The causes of ESKD in the dnTMA patients were diabetic nephropathy in 24 (21%), glomerular diseases in 33 (29%), lupus nephritis in 8 (7%), polycystic kidney disease and other congenital kidney diseases in 22 (20%), hypertension in 11 (10%), and other causes or unknown etiology in 14 (13%) patients.

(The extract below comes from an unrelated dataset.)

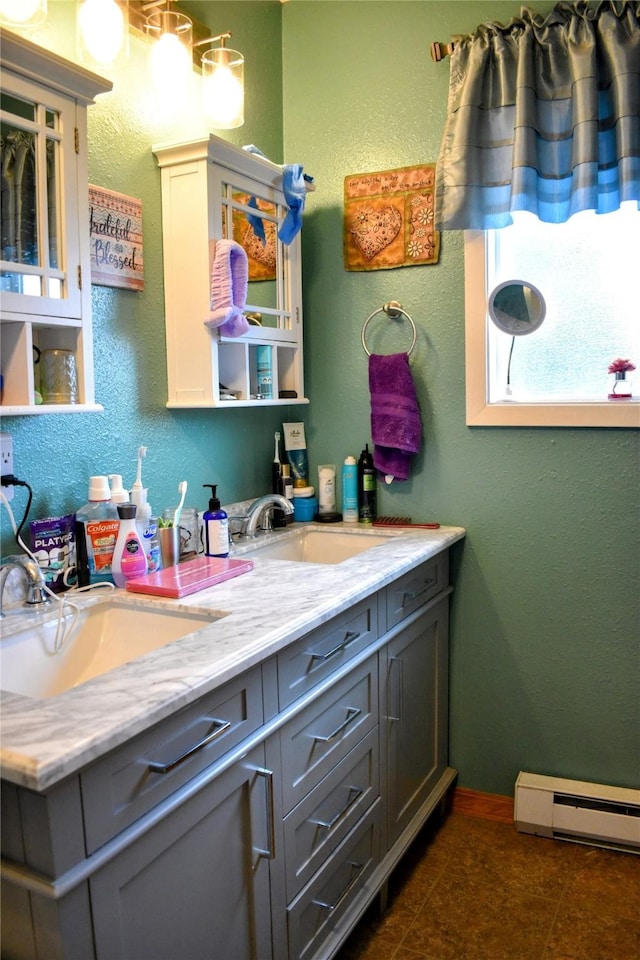 83 Indian Head Rd, Libby, MT 59923 - bathroom with double vanity, baseboard heating, a textured wall, baseboards, and tile patterned floors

Compared with dnTMA, patients with cTMA were younger at TMA diagnosis, mean (SD) of 28.9 ± 16.3. vs 46.5 ± 16.0 years, p < 0.001, and at transplantation, mean (SD) of 38.5 ± 10.6 vs 46.1 ± 14.8, p = 0.022, respectively. There were no statistical differences in race or gender between the two groups. The majority of the dnTMA group received deceased donor kidney transplantation (DDKT), 69 (61.6%), compared to 9 (40.9%) in the cTMA group; however, the difference was not statistically significant. Thirteen patients (59.1%) had previous kidney transplants in the cTMA and 63 (56.2%) in the dnTMA. Donors were significantly younger in the cTMA group with a mean (SD) of 37.0 (13.7) years, compared to 43.5 (14.9) years in the dnTMA group, p = 0.038.

There was no statistical difference in the number of patients who were highly sensitized in the two groups, however, preformed donor specific antibody (DSA) was more prevalent in the dnTMA group compared to the cTMA group, 50 (66.7%) vs 8 (40.0%), p = 0.04.

Cold ischemia time was significantly shorter in the cTMA group with a mean (SD) of 10.3 ± 10.8 h compared with 19.7 ± 17.2 in the dnTMA group, p = 0.023; this translated into a trend toward a higher rate of delayed graft function (DGF) in the dnTMA group 45 (40.9%) vs 4 (18.2%) in the cTMA group, p = 0.054.

Since 2000, our center has been using mostly the same immunosuppression protocol including induction therapy with a T-cell depleting agent (mostly thymoglobulin), and maintenance therapy with calcineurin inhibitor (tacrolimus and less likely cyclosporine), steroids, and anti-metabolites mycophenolate mofetil. Most patients in our cohort received induction therapy with thymoglobulin and maintenance immunosuppression with tacrolimus, mycophenolate mofetil, and steroids. There were no statistical differences in induction and maintenance therapies between the two groups.

Treatment of post-transplant TMA, before the utilization of eculizumab for this disorder, was consistent of plasmapheresis and in some cases high doses of steroids. In our cohort, treatment with plasmapheresis was implemented in 19 patients (86.4%) of the cTMA group compared to 41 patients (36.9%) of the dnTMA group, p < 0.001.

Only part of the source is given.